SUPPLIED ENTRIES: Begin

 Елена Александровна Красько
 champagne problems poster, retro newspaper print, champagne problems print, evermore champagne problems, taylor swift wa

SUPPLIED ENTRIES: End
SUPPLIED ENTRIES: Begin

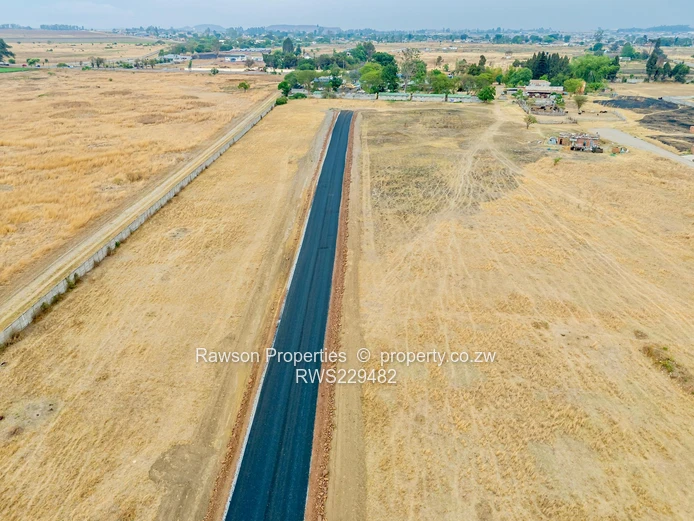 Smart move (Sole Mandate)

SUPPLIED ENTRIES: End

_ABOUT THIS EXERCISE:_ An exact copy of the lines above, from the one containing "Елена Александровна Красько" down to the one containing "champagne problems poster, retro" and including both, is the whole answer; retype it and nothing else.

_TASK RESPONSE:_
 Елена Александровна Красько
 champagne problems poster, retro newspaper print, champagne problems print, evermore champagne problems, taylor swift wa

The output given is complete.